Task instructions: Please repeat the records below exactly, but only from the line that contains "Celine Bicolor Solo Clutch Leather" onward, ending with the last line.

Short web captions
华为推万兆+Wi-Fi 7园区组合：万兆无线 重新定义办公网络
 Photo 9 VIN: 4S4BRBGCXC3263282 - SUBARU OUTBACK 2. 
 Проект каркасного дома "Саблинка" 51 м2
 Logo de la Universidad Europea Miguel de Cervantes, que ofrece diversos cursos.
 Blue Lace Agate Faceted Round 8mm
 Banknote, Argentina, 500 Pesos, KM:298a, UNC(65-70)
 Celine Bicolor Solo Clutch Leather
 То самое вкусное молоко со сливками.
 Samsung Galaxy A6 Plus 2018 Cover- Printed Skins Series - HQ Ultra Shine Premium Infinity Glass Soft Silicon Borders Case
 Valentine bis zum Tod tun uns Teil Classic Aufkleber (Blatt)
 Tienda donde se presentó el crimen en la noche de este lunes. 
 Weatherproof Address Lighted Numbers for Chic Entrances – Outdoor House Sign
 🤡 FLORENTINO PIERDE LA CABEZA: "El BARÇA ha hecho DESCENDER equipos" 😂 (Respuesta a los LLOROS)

Completed exercise:
 Celine Bicolor Solo Clutch Leather
 То самое вкусное молоко со сливками.
 Samsung Galaxy A6 Plus 2018 Cover- Printed Skins Series - HQ Ultra Shine Premium Infinity Glass Soft Silicon Borders Case
 Valentine bis zum Tod tun uns Teil Classic Aufkleber (Blatt)
 Tienda donde se presentó el crimen en la noche de este lunes. 
 Weatherproof Address Lighted Numbers for Chic Entrances – Outdoor House Sign
 🤡 FLORENTINO PIERDE LA CABEZA: "El BARÇA ha hecho DESCENDER equipos" 😂 (Respuesta a los LLOROS)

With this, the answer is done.